Monday, March 05, 2007

phobiatic problematic


Composer, Allen Shaw, was interviewd this morning on NPR's Morning Edition. He was there talking about his new book: "Wish I Could be There: Notes From a Phobic Life." Composer Allen Shawn lives a phobic life. He doesn't like heights, bridges, tunnels, subways, elevators, open spaces or closed spaces. Hence the title of his book. It begins with how his fears make a short drive through the woods a daunting journey.
Listening to him made me link my phobias and experiences with his. Granted, I don't think mine are as extreme as his, but they are similar. What I find daunting, is that they seem to get worse over time. So, maybe when I am his age, my fear will become dibilitating. This freaks me the "f" out. I am constatnly trying to "face my fears." However, each face off finds my fears the undefeated winner. I don't need someone to hold my hand on planes, but I do have to monitor my breathing while in the air. I either breathe too fast or not at all. I get dizzy when high up, I have crippling performance anxiety. The only thing I've overcome is my shyness. It was stifling as a child. If I didn't know you, I would not get out from underneath my mom's skirt.

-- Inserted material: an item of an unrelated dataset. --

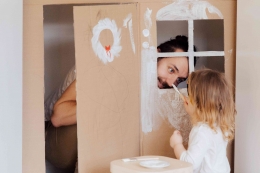 Photo by Tatiana Syrikova from Pexels: https://www.pexels.com/photo/a-little-girl-and-her-dad-painting-a-cardboard-house-3933259/ 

Shaw states in the book: "The degree of my self-preoccupation is appalling."

"Fear makes you focus very, very vigilantly on something," he says. Just as someone who has a gun pointed at him focuses solely on that gun and how to avoid getting shot, Shawn says, a person who's afraid of sitting in the middle of a theater will think of nothing else but: "How can I get out of here? Why is that person next to me so big? Where was that exit?"

"That kind of self-preoccupation is really silly, but it's what happens to the phobic," he says.

During the course of the Shaw interview, Renee Montagne asked if writing about his fears made them any less intense. He said analyzing the things that make him cease to tick, leads him to think of them as personality quirks. However, this does not serve to make them any less severe in their affects. What makes him feel ok is thinking of the great geniouses that could not live outside of their constructed worlds--Emily Dickinson and others.
This makes me think the one day, I too can be ok with my phobias. Or at least come to terms with the fact that I may never change them.